**INFORMATION PROVIDED**
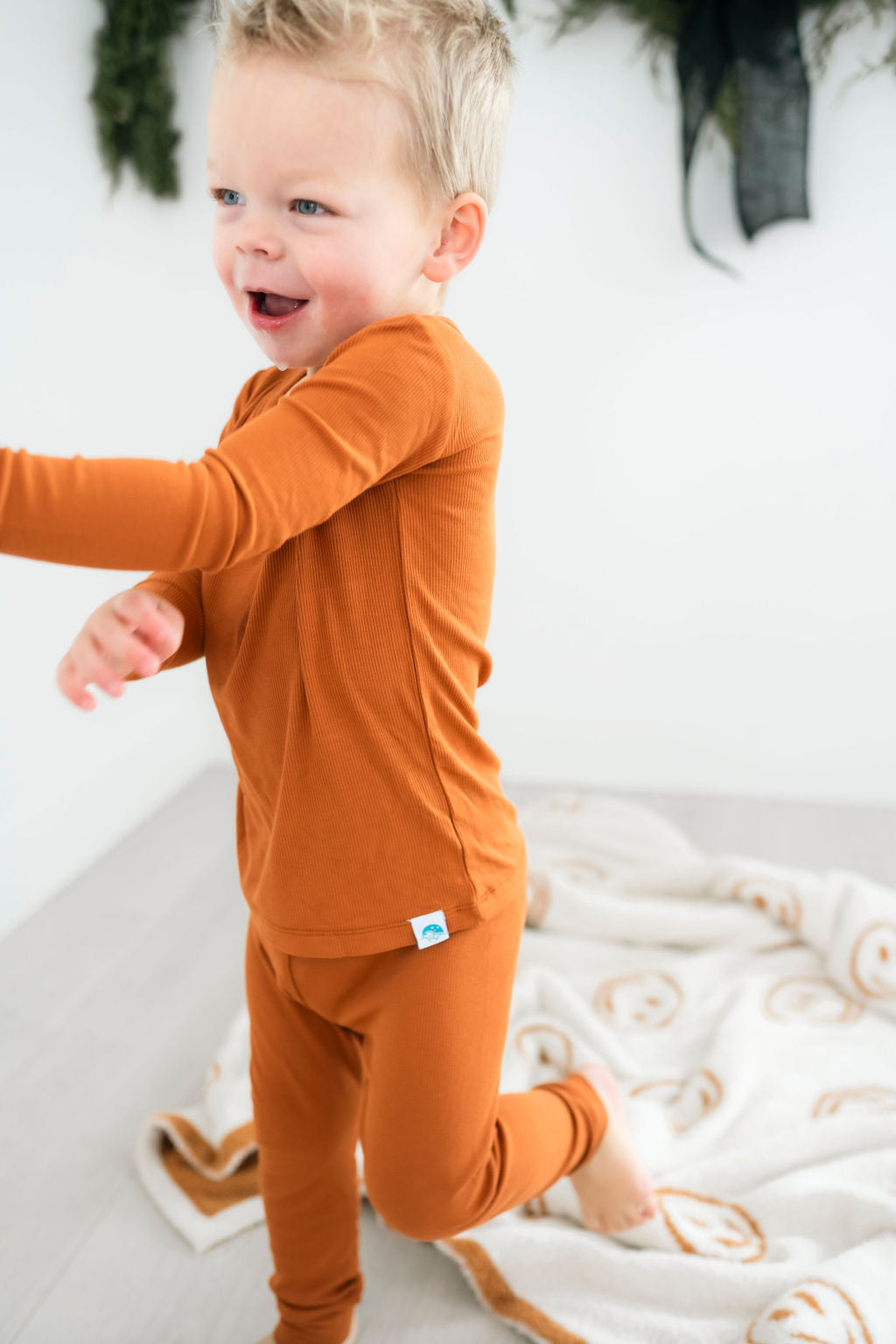 Rust (Orange) Ribbed Long Sleeve PJ's BDLJ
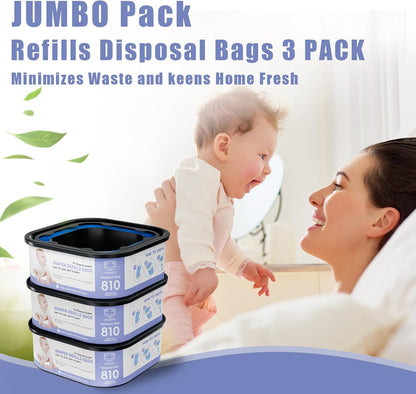 Square Refills Disposal Bags Refill Compatible With For Diaper Gen.ie Compact, Select (Not Fit Classic Version Pails), Hold Up to 810 Newborn-Sized Diapers Per Refill (4 Packs)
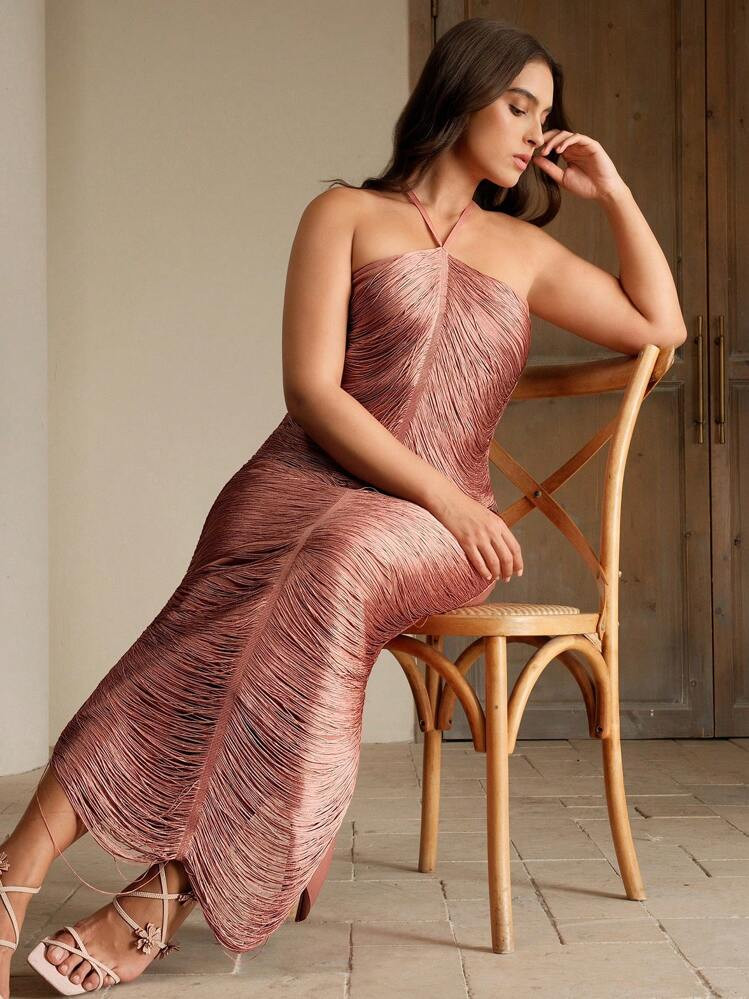 SHEIN X Scheana Anewsta Plus Size Women's Fringe Boho Halter Neck Bandage Party Dress - Vintage Elegant Couture Vibe, Spring/Summer Event Wear | SHEIN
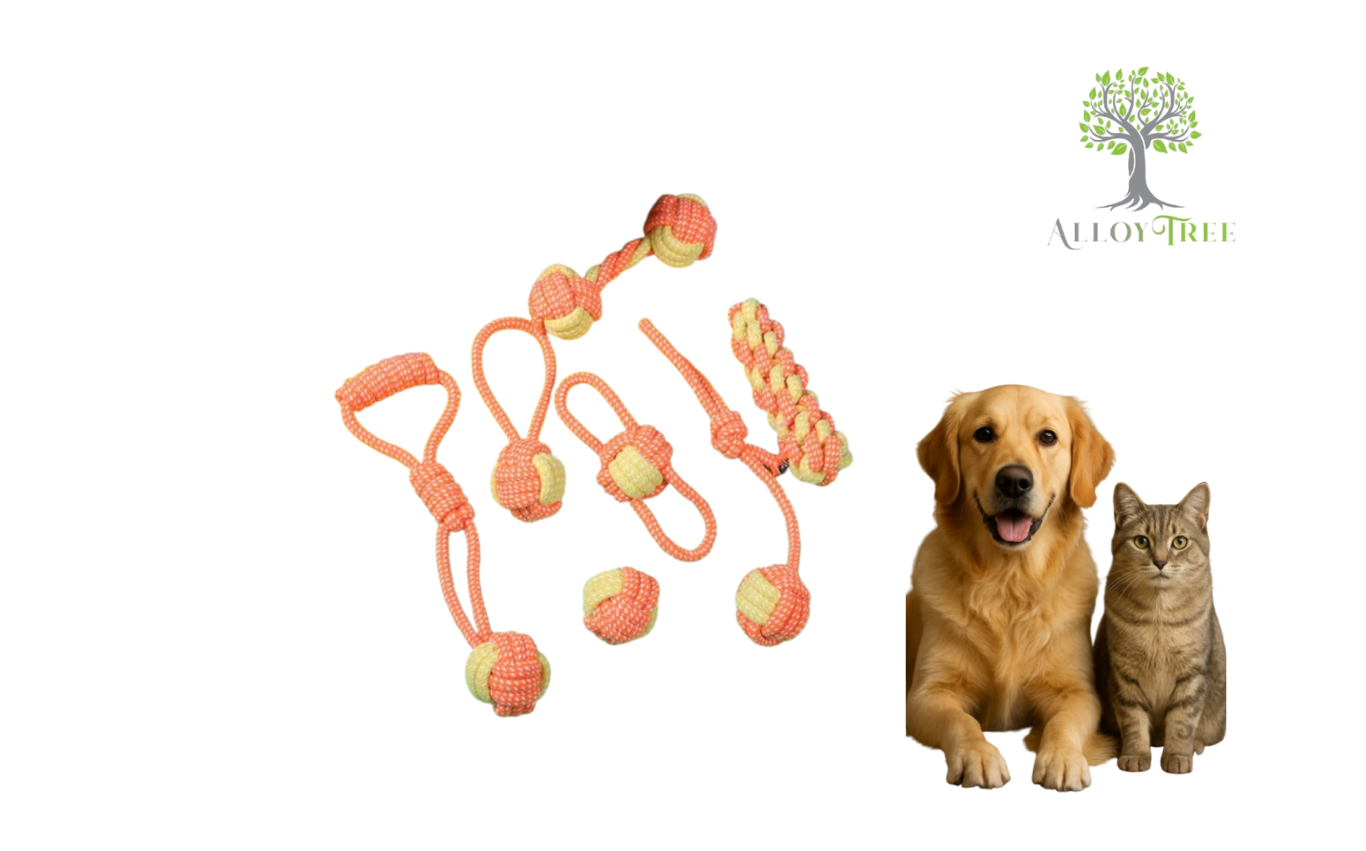 7 Pack Rope Toys for Dog Puppy Pet Chew Toy Training Ball Playing Tug Fetch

**EXERCISE AIM**
Exclude every image and return the material above exactly.

**EXERCISE SOLUTION**
 Rust (Orange) Ribbed Long Sleeve PJ's BDLJ
 Square Refills Disposal Bags Refill Compatible With For Diaper Gen.ie Compact, Select (Not Fit Classic Version Pails), Hold Up to 810 Newborn-Sized Diapers Per Refill (4 Packs)
 SHEIN X Scheana Anewsta Plus Size Women's Fringe Boho Halter Neck Bandage Party Dress - Vintage Elegant Couture Vibe, Spring/Summer Event Wear | SHEIN
 7 Pack Rope Toys for Dog Puppy Pet Chew Toy Training Ball Playing Tug Fetch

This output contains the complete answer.